[[ Data section open ]]

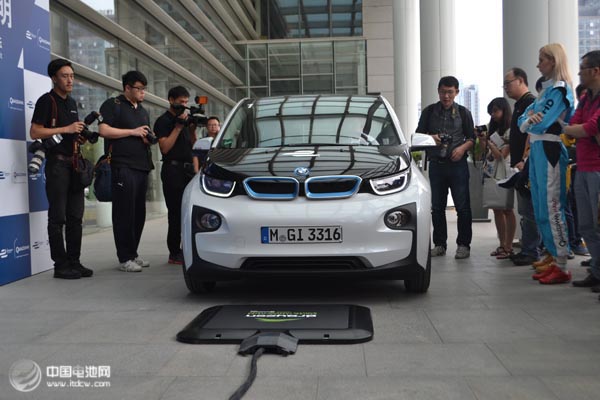 新能源汽車普及進入快軌 互聯網+產生化學反應? 新能源汽車普及進入快軌 互聯網+產生化學反應?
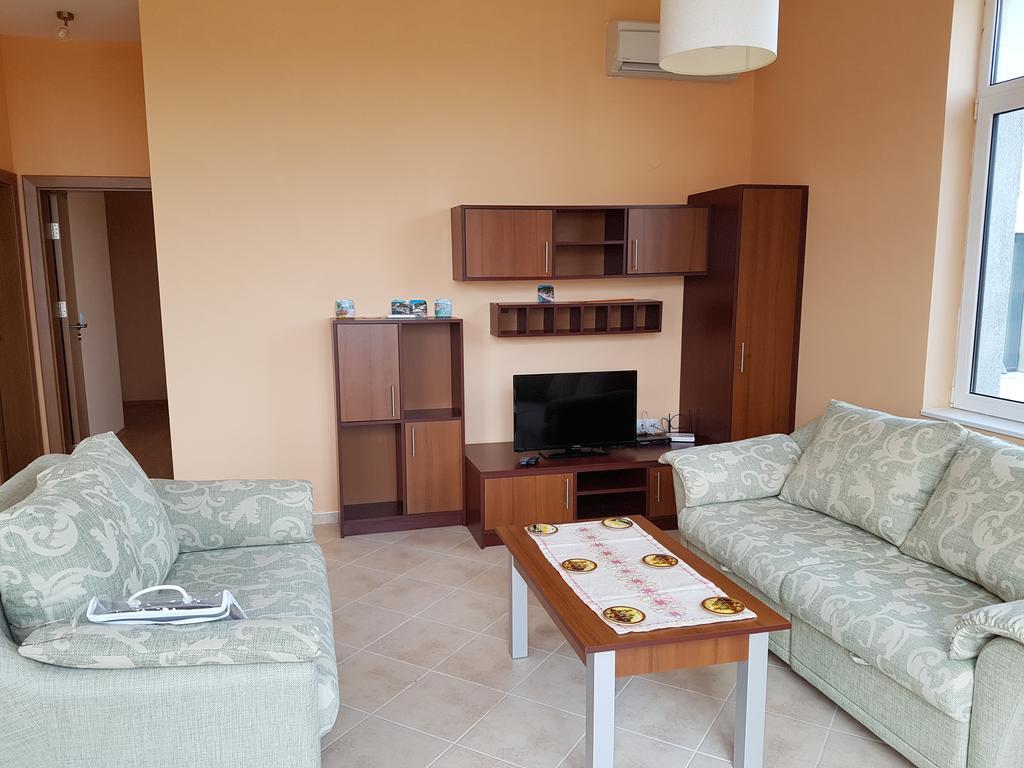 Villa Ketli Apartment Bliznatsi Luaran gambar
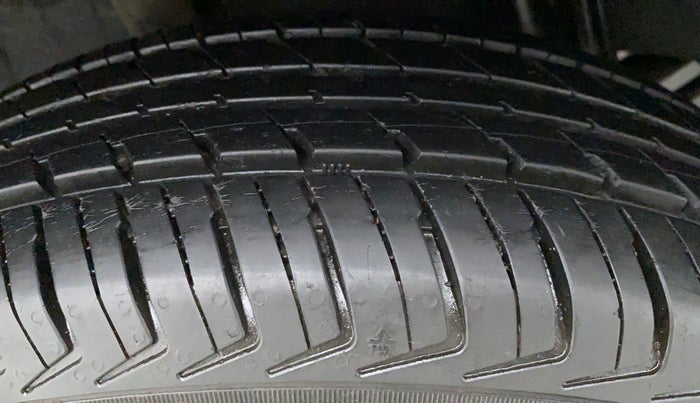 2018 Datsun Redi Go A, Petrol, Manual, 24,492 km, Right Front Tyre Tread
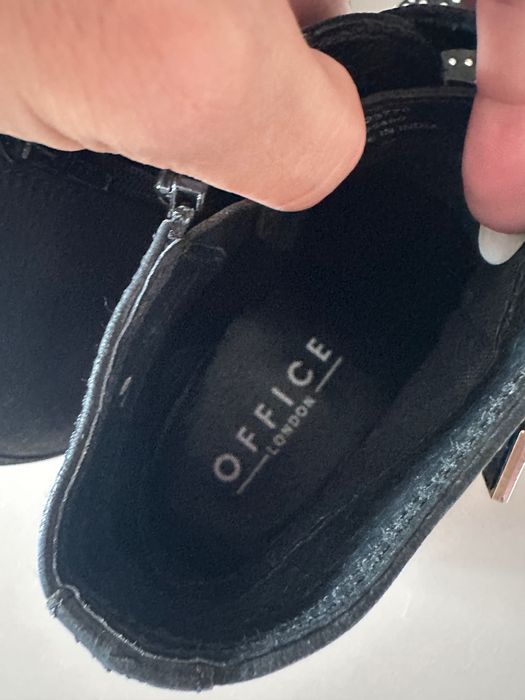 Botine cu tinte si catarame piele Office London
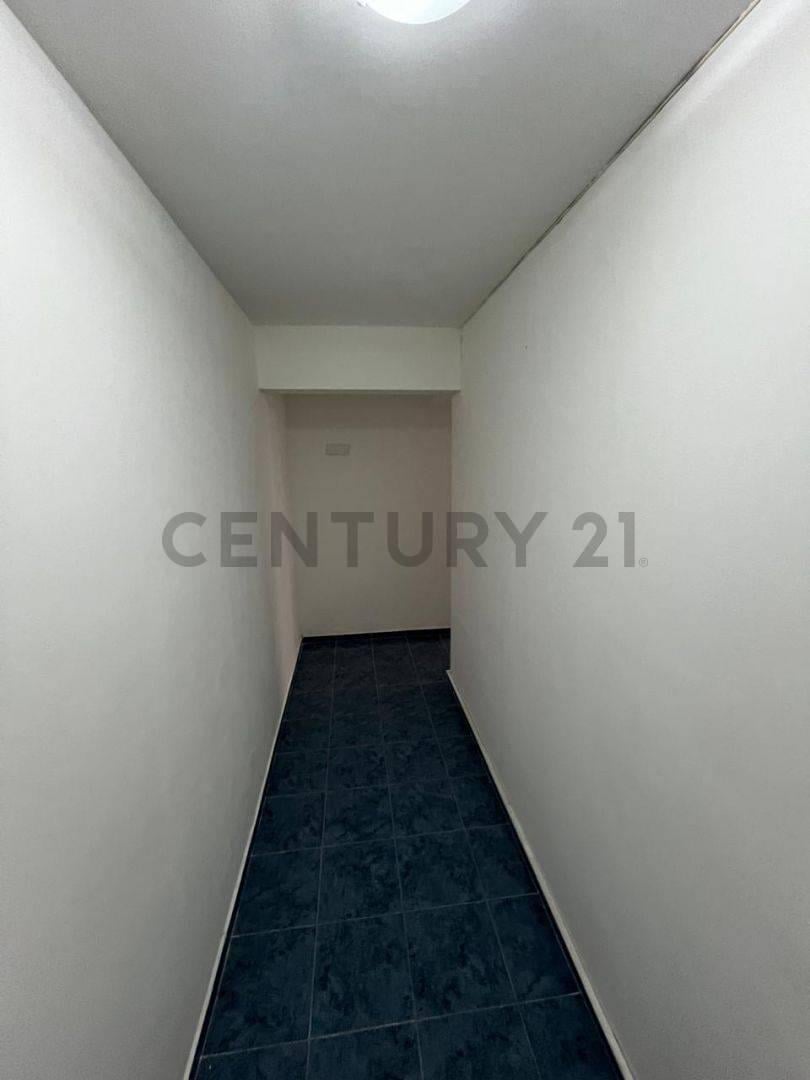 Foto de VENTA OFICINA AV.COLÓN ENTREGA MAS CUOTAS, imagen 2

[[ Data section closed ]]

* _Assignment_:
Give back every record precisely as it stands, without the images.

* _Your solution_:
 新能源汽車普及進入快軌 互聯網+產生化學反應? 新能源汽車普及進入快軌 互聯網+產生化學反應?
 Villa Ketli Apartment Bliznatsi Luaran gambar
 2018 Datsun Redi Go A, Petrol, Manual, 24,492 km, Right Front Tyre Tread
 Botine cu tinte si catarame piele Office London
 Foto de VENTA OFICINA AV.COLÓN ENTREGA MAS CUOTAS, imagen 2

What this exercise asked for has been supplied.